[Kde-accessibility] KDE Speech API Draft 2 and new KTTSD

Fri May 21 05:47:01 CEST 2004

Thank you very much for the feedback!

On Thursday 20 May 2004 12:16 pm, Olaf Jan Schmidt wrote:

> There are mainly three types of usage for speech synthesis:
>
> 1. Speaking and navigationg through whole texts (can be interrupted by
> messages and screen reader speech)
> 2. Speaking single messages (can be interrupted by screen reader speech)

Why would you want to interrupt a single message with screen reader?

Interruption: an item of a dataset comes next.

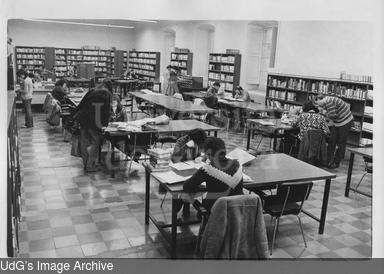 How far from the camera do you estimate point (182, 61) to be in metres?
15.9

> 3. A screen-reader reading out whatever happens on the screen (can be cut
> off by new screen reader speech)

If "cut off", is the speaking text re-queued or is it canceled?

>
> The suggested API is very feature-rich for the first two uses, but the
> third use is not covered. 

What is not covered?  I admit I have zero experience with screen readers, but 
for the sake of discussion, let's imagine the following:  The screen reader 
is reading a page of text (let's say a web page.)  Focus moves to a button, 
so the screen reader wants to pause speaking and speak the label (or name) of 
the button.  After speaking the button, screen reader wants to continue 
speaking the page where it left off.  Focus moves to a title bar, so screen 
reader wants to pause speaking and speak the title bar contents.  While 
speaking the title bar contents, focus goes to an image, so screen reader 
wants to abandon speaking the title bar and speak the "alt" text of the 
image.  All of this can be accomplished using the current API as follows:
We assume the screen reader has two "levels" of talking -- a background job 
and a foreground job that represents the control on the screen that has 
current focus.  The background job can be pre-empted by the foreground job, 
but resumes when foreground is no longer speaking.  Foreground jobs can be 
pre-empted by another foreground job, but in this case the pre-empted job is 
canceled.  (Probably over-simplified, but for sake of discussion...) So we 
keep track of two job numbers -- backJobNum and foreJobNum.  Here's what the 
screen reader's code might look like:

uint backJobNum		// Job Number of background
uint foreJobNum		// Job Number of foreground
// Queue and start the page of text using default language.
backJobNum = setText(<text of the page>, Null)
startText(backJobNum)

// <In response to button gotfocus signal>
// Pause the page, queue and start the button.
pauseText(backJobNum)
foreJobNum = setText(<button name or label>, Null)
startText(foreJobNum)
// Resume the page when the button is finished speaking.
resumeText(backJobNum)

// In response to titlebar gotfocus signal>
// Pause the page, queue and start the titlebar contents.
pauseText(backJobNum)
// Cancel the button if still in progress (it isn't in our scenario, but that 
is OK.
removeText(foreJobNum)
foreJobNum = setText(<titlebar contents>, Null)
startText(foreJobNum)
// Resume the page when titlebar is finished speaking.
resumeText(backJobNum)

// <In response to image gotfocus signal>.
// Pause the page, cancel the titlebar, queue and start the image.
pauseText(backJobNum)
removeText(foreJobNum)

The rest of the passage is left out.